Oeuvrer pour la bientraitance
Acteurs de l'écosystème Alzheimer
Pour Nora Berra, secrétaire d’Etat aux Aînés, la maltraitance « agit par la parole qui nie l’autre, par le sous-entendu, le dit ou le non-dit, par l’absence d’écoute, de considération. Elle s’exprime par des attitudes réductrices, des gestuelles exprimant le refus, l’indifférence, le préjugé sous-jacent, l’extinction progressive du respect. Elle peut être aussi une tentation d’usurper, car la maltraitance financière contre les personnes âgées est une troisième réalité, si terrible qu’on ose à peine en parler ouvertement […]. Oeuvrer pour la « bientraitance », c’est transposer la volonté du « bien soigner » des personnels médicaux dans le quotidien de chacun, et « bien considérer » son prochain, surtout lorsqu’il est plus fragile. C’est prendre conscience et assumer la part de fragilité qui existe en chacun de nous, à différentes étapes de nos vies de femmes et d’hommes […]. C’est à ce moment charnière que l’attention à l’autre, la solidarité, l’accompagnement, l’humanité sont déterminants.

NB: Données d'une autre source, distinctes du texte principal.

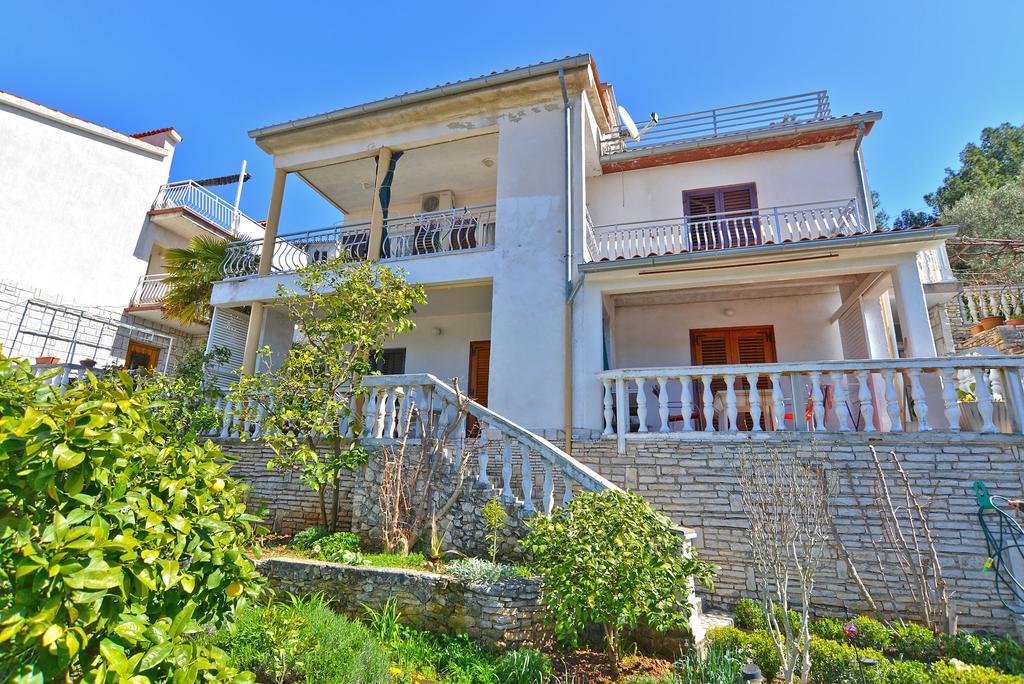 Apartments Plominska 938 Рабац Екстериор снимка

Or, si ce critère de fragilité commence à être décrit et investi par le corps médical, beaucoup de sociologues, de politiques, de citoyens ne se le sont qu’insuffisamment approprié. Ce concept doit devenir notre principe d’action. Instaurer la « bientraitance » envers les personnes âgées, c’est aussi accepter de porter un regard différent sur nous-mêmes, et sur la seconde partie de notre vie. C’est un miroir sans complaisance qu’il faut se tendre à soi-même, avant de le tendre aux autres. Alors que notre société vieillit, on n’a jamais autant exalté le « jeunisme » cet idéal d’une jeunesse sans limite et à tout prix, renforcé par une société de technologies avancées et d’information rapide qui dévalorisent le savoir des aînés. C’est pourquoi il faut changer l’image du vieillissement dans notre pays, et combattre l’idée, consciente ou inconsciente, que le grand âge est une première mort. Cette perception du grand âge, c’est le terreau de cette violence et de cette cruauté, insidieuses et quotidiennes, qui se développent de manière sourde, presque invisibles, et qui échappent à l’attention des soignants, du fils, du parent éloigné ou de l’ami. Refuser la maltraitance passive et active contre les personnes âgées, c’est donc une démarche collective, et c’est aussi accepter intimement de regarder son propre vieillissement en face ».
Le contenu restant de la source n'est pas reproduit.